So far in 2018, there have been 765 overdose deaths recorded in New Jersey – on average, one every 2 hours, 51 minutes.

Against that backdrop, Gov. Phil Murphy’s proposed state budget includes $100 million for addressing the opioid epidemic. In a visit Tuesday to the Trenton Rescue Mission, he and Cabinet members provided additional detail about what Murphy calls an “all-in effort” to deal with the crisis.

  • $56 million would go toward prevention, treatment and recovery, two-thirds of which would expand access to community based outpatient programs.
  • $31 million would be used to address social risk factors that can derail a person’s efforts to remain sober, such as unemployment and homelessness.
  • $13 million would support development of better technology, such as electronic health records, so the state and addiction services providers can better track data and figure out what’s needed and where.

“We have studied this across departments, and we’re putting forward a program that we think has the best chance to crack the back of this epidemic,” Murphy said.

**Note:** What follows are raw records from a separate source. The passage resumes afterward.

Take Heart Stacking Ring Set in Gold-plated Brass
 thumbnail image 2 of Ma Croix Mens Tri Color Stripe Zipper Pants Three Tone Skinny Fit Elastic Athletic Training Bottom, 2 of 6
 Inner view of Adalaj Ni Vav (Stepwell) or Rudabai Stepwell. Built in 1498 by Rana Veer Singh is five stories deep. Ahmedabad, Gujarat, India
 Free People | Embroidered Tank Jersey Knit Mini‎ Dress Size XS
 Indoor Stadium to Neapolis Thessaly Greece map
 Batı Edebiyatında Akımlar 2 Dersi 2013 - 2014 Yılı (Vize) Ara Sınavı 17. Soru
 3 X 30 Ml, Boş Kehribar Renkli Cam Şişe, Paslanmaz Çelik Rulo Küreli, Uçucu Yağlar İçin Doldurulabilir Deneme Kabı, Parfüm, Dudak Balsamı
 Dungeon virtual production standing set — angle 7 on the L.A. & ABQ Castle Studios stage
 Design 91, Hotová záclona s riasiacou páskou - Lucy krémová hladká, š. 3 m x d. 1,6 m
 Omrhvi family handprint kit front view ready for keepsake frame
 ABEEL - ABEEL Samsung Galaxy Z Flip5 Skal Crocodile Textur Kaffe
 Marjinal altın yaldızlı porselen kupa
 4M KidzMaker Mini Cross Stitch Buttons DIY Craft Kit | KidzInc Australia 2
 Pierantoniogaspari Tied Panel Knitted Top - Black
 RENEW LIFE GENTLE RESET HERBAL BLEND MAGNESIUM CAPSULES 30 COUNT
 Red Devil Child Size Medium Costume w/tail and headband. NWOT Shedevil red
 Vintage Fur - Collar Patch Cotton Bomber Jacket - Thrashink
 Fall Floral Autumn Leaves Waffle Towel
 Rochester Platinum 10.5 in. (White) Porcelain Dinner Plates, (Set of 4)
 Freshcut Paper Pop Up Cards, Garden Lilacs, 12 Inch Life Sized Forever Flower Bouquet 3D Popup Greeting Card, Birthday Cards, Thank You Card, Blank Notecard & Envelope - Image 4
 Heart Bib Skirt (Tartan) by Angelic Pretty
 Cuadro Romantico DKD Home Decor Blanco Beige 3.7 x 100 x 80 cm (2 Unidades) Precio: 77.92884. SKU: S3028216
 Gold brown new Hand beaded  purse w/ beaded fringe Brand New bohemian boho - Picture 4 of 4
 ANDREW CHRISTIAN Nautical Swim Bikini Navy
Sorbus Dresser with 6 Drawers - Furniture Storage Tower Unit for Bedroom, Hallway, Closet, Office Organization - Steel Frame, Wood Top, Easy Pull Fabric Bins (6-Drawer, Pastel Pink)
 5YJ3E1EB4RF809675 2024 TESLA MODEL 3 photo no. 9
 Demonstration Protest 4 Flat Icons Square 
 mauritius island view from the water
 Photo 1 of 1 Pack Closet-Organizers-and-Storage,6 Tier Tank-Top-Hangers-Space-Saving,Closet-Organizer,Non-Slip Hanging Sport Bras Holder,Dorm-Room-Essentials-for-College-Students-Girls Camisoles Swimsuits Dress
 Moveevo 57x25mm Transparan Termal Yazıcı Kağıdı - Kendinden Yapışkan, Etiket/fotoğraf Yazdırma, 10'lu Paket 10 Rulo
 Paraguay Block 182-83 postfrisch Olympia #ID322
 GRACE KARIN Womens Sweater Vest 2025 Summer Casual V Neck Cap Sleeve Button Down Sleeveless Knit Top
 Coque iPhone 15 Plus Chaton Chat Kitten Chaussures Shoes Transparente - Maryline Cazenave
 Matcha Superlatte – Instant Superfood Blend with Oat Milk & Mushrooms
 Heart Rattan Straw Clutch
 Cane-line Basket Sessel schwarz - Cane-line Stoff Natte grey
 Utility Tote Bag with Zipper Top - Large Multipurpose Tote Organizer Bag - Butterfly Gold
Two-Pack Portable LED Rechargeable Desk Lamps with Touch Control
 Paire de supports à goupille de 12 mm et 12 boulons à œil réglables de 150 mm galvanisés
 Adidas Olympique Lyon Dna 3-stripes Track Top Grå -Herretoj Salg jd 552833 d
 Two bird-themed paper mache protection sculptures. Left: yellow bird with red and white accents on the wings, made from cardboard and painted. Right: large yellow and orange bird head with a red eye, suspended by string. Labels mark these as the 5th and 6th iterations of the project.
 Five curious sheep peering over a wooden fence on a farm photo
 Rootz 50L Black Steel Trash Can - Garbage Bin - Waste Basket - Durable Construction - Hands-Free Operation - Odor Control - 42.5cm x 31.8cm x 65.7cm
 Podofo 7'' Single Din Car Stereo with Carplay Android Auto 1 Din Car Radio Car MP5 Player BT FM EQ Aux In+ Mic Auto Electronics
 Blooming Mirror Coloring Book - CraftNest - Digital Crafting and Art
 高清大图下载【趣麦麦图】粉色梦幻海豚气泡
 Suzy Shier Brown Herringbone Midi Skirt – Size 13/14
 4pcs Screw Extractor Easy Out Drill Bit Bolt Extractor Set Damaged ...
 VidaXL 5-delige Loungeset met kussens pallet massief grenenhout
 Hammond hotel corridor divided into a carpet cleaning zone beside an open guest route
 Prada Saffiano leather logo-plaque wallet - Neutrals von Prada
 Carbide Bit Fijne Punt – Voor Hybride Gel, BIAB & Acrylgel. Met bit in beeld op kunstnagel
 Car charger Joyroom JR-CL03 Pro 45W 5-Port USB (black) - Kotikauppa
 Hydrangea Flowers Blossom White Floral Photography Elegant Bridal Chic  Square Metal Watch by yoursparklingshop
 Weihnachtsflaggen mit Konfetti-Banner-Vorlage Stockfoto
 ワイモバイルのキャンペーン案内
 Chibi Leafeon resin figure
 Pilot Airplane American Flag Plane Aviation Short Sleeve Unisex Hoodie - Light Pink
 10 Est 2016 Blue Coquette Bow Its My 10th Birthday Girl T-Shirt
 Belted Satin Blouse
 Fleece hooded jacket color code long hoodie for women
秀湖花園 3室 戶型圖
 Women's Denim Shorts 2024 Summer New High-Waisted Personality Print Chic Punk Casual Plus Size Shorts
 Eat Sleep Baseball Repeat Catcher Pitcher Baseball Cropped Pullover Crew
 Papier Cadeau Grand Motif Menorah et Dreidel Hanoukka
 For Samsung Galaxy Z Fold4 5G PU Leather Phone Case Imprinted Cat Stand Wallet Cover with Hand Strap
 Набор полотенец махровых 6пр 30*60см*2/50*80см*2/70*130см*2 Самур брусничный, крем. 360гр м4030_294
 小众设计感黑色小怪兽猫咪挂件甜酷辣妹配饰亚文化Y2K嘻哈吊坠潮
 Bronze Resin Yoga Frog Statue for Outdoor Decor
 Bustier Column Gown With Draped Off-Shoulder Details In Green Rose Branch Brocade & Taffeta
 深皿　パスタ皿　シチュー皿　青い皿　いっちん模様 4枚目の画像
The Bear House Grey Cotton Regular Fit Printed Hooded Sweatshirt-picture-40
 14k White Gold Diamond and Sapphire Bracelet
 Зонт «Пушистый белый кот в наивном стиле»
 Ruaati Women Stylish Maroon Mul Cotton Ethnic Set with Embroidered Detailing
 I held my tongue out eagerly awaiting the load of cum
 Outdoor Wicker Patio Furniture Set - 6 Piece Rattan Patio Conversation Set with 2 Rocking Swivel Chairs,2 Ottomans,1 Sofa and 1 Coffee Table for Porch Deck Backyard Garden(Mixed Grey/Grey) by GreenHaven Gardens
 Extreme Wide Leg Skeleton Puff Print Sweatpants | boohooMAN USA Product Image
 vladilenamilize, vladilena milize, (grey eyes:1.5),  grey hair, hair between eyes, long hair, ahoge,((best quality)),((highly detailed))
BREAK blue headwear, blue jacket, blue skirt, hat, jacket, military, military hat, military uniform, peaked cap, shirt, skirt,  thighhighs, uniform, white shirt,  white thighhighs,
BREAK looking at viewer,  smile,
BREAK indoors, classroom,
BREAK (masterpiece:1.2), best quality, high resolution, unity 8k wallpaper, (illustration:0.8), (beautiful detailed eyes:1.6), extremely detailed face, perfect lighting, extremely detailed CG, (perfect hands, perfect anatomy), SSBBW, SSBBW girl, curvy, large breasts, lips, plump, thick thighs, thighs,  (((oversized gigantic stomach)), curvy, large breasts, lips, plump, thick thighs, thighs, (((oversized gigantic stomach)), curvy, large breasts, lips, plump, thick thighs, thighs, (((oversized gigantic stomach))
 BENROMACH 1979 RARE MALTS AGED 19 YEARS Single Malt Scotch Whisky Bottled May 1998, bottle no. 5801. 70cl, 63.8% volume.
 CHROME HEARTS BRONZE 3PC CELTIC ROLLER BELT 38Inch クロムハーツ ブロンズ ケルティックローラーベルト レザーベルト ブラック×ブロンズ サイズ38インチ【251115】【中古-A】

“The funds will also enhance our data infrastructure, which will help us evaluate the efficacy of our efforts in real time and identify hot spots of the epidemic that will inform a targeted, public health approach,” said Health Commissioner Shereef Elnahal.

Murphy likened the emphasis on data to the impact that advanced analytics brought to Major League Baseball: “You are seeing us evolve from making decisions based on our gut feeling to Moneyball. Let’s figure out exactly what’s working, what’s not working, in real time.”

Last year, then-Gov. Chris Christie announced he would redirect $200 million in funding to various opioid-related initiatives. Murphy said about $90 million of that has actually been spent and that the balance will not be.

Murphy and Elnahal said portions of that plan could be kept, if they’ve been effective. But Murphy said one aspect won’t be repeated – the advertising campaign that prominently featured the governor.

Murphy, a Democrat who hasn’t been shy about criticizing his Republican predecessor, said it is not personal but that the ads simply aren’t effective.

“Sixty-year-old guys talking to young kids about addiction and the perils of addiction does not work,” Murphy said. “We’re not going to be doing any television programs – with yours truly or frankly at this point with anybody.”

Murphy said he heard some “pretty cool ideas” at a recent National Governors Association meeting about peer-to-peer opportunities, including through social media. Those aren’t currently in the budget plan but could be added later.

“I think if you’re a television production firm, you’re going to be disappointed. Let me start with that. Because that’s not the way we’re going to go,” Murphy said.

Kivvit, the public affairs and communications firm that handled the Reach NJ campaign, announced Tuesday that the campaign won a silver medal for “Best Government/Public Service Campaign” in the “Bulldog Awards.”

Three individual TV ads produced for the Reach TV campaign won other awards earlier. None were the ads that featured Christie.